══ Data for review
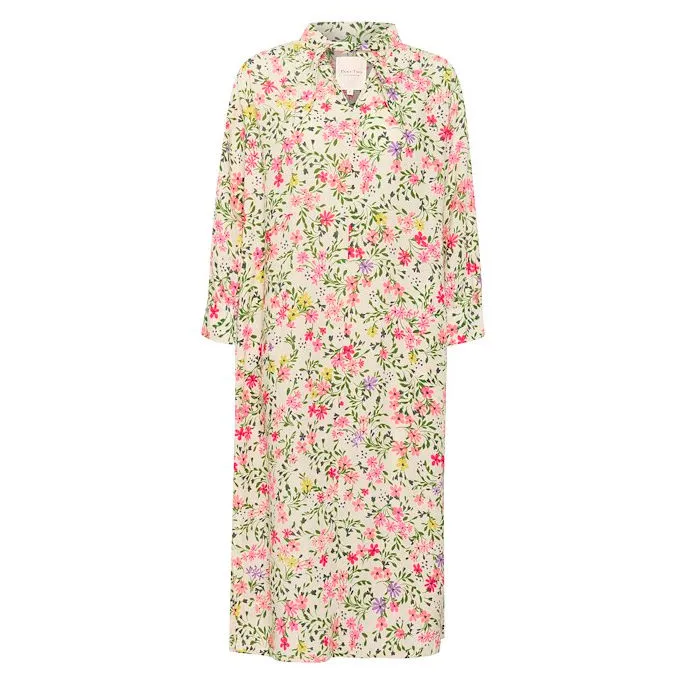 Eloisa Linen Dress in Multi Flower Print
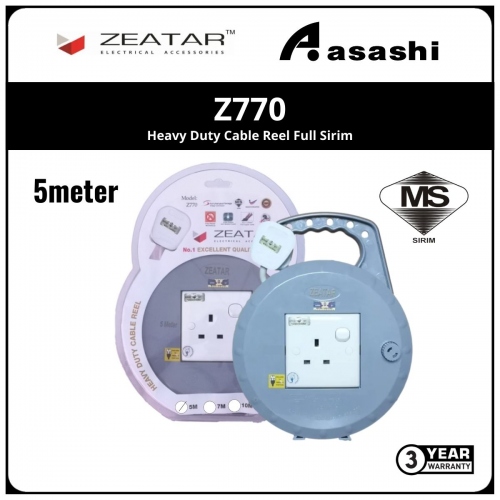 Zeatar Z770-5M Cable Reel Heavy Duty Full Sirim 5M (3yrs Limited Warranty)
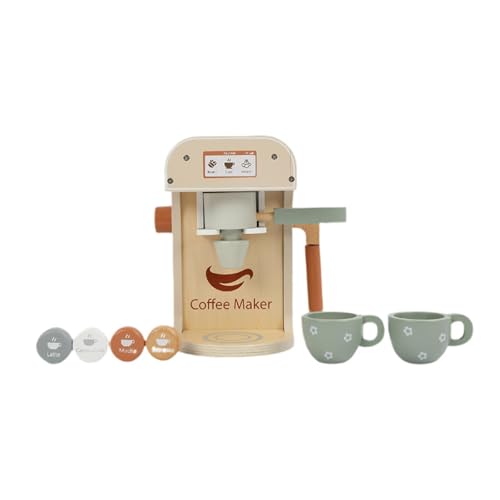 Fenteer Kaffeemaschinen-Set aus Holz, Rollenspiel-Holzspielzeug für Kinder, Espressomaschinen-Spielset, Spielküchenzubehör für Kinder ab 3 Jahren von Fenteer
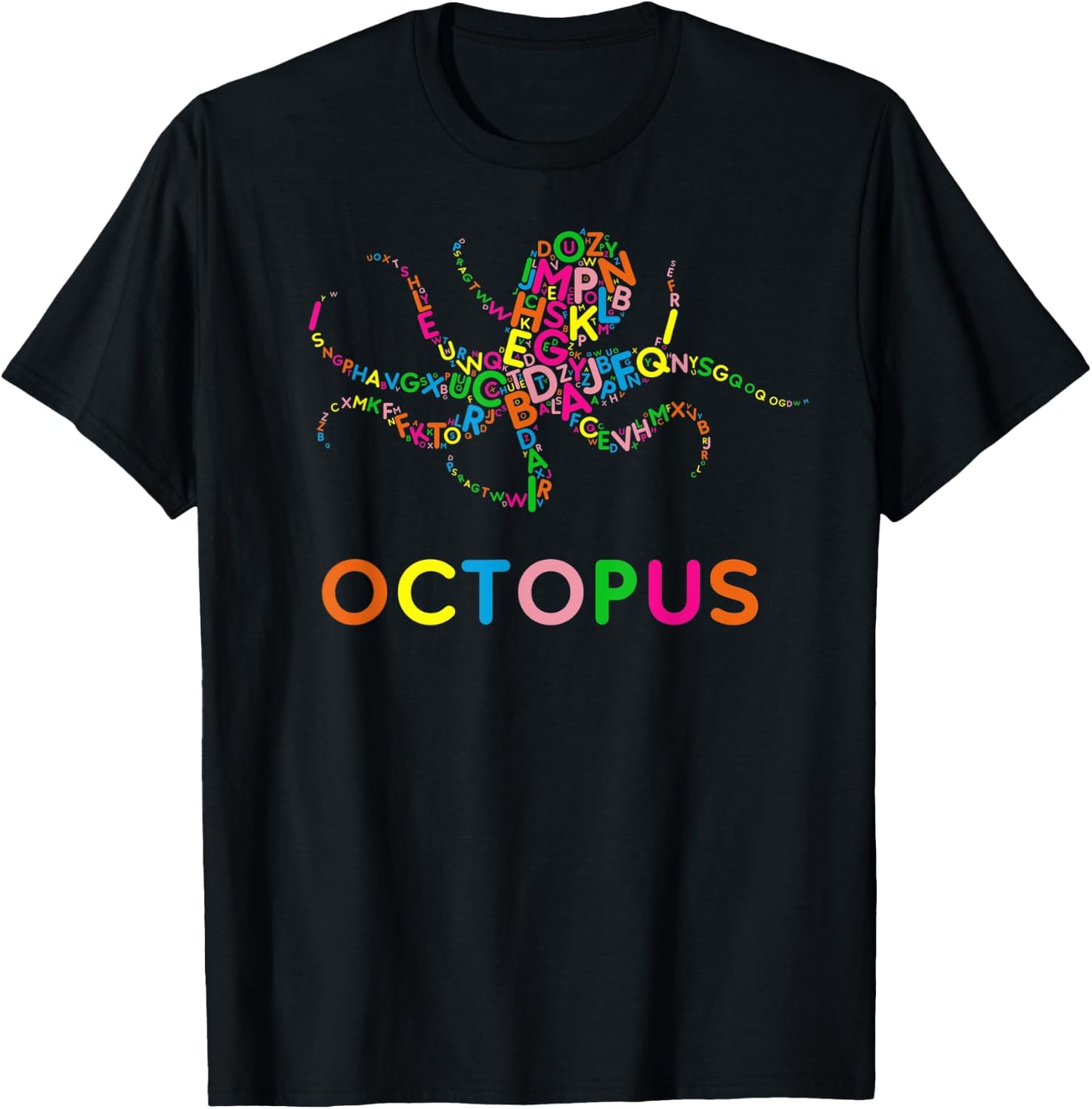 Funny Alphabet Letters Learning ABCs Toddler Kids - OCTOPUS T-Shirt - T-Shirt | Black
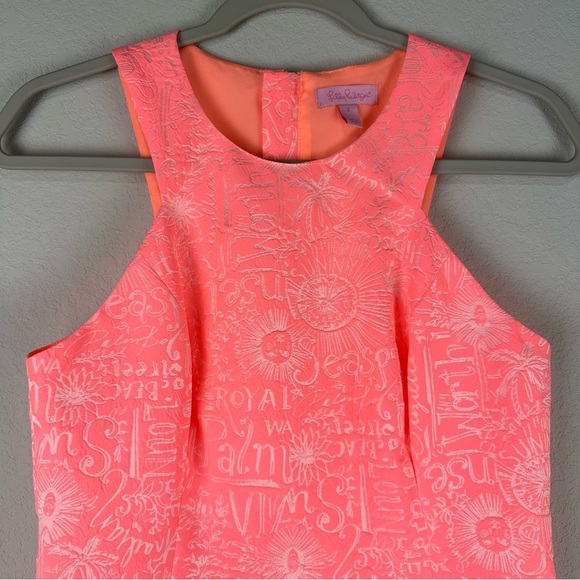 Lilly Pulitzer Pink Peach Word on the Street Liana Jacquard Sheath Dress Size 2 - Picture 2 of 7
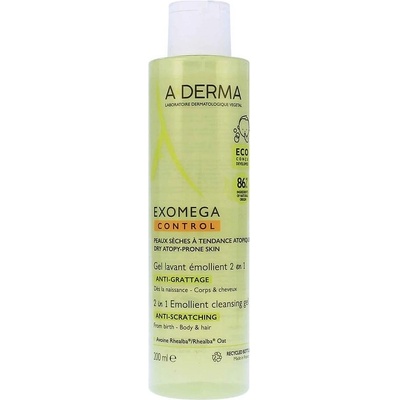 ADerma Exomega Control zvláčňujúci umývací gél na suchú kožu so sklonom k atopii 2 v 1 200 ml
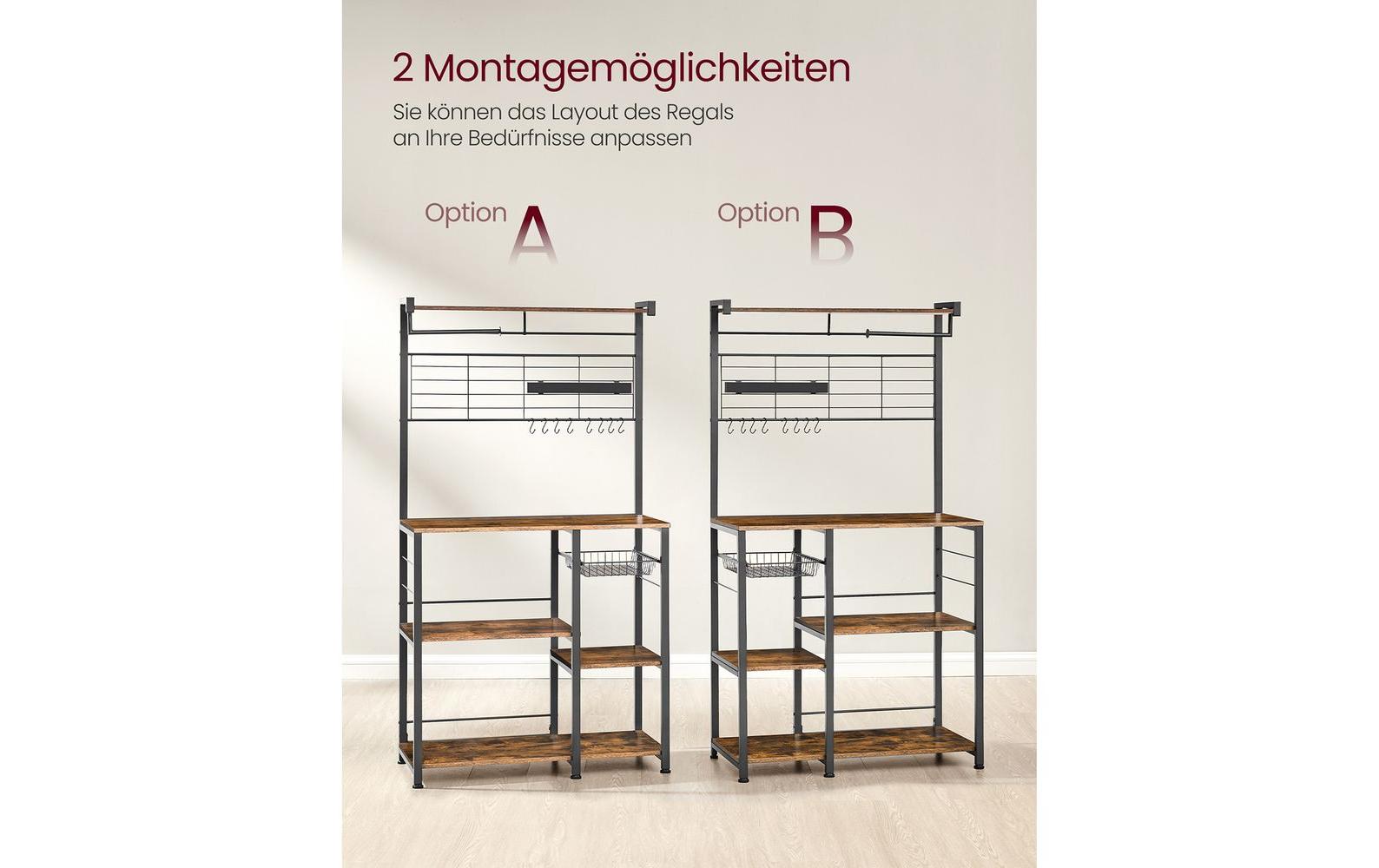 VASAGLE Küchenregal 90 cm x 167.3 cm, Braun/Schwarz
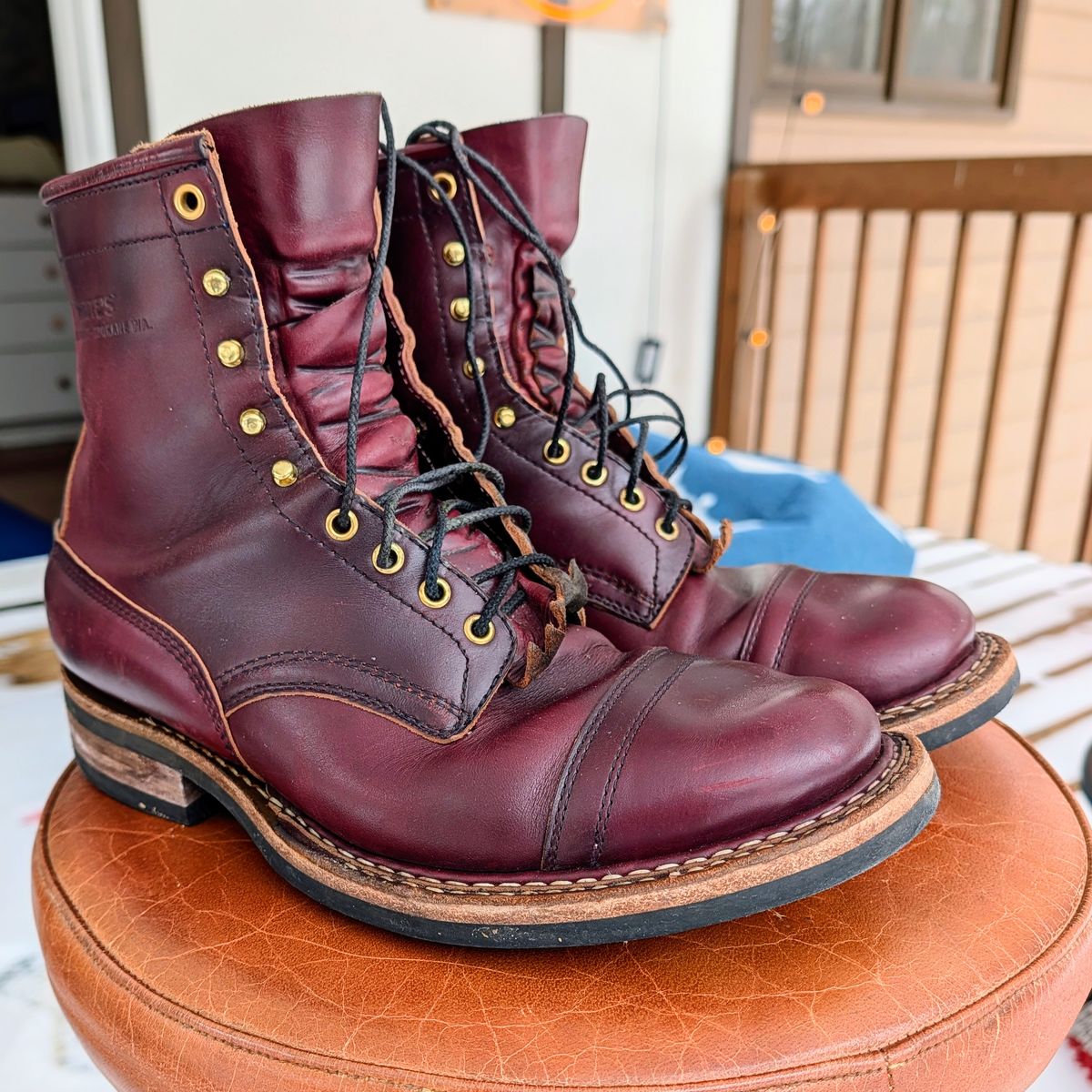 Photo by workwearfit on January 4, 2026 of the White's Bounty Hunter in Horween Burgundy Chromexcel Horsehide.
════
The answer should be an exact restatement of every entry, with the pictures omitted.

 Eloisa Linen Dress in Multi Flower Print
 Zeatar Z770-5M Cable Reel Heavy Duty Full Sirim 5M (3yrs Limited Warranty)
 Fenteer Kaffeemaschinen-Set aus Holz, Rollenspiel-Holzspielzeug für Kinder, Espressomaschinen-Spielset, Spielküchenzubehör für Kinder ab 3 Jahren von Fenteer
 Funny Alphabet Letters Learning ABCs Toddler Kids - OCTOPUS T-Shirt - T-Shirt | Black
 Lilly Pulitzer Pink Peach Word on the Street Liana Jacquard Sheath Dress Size 2 - Picture 2 of 7
 ADerma Exomega Control zvláčňujúci umývací gél na suchú kožu so sklonom k atopii 2 v 1 200 ml
 VASAGLE Küchenregal 90 cm x 167.3 cm, Braun/Schwarz
 Photo by workwearfit on January 4, 2026 of the White's Bounty Hunter in Horween Burgundy Chromexcel Horsehide.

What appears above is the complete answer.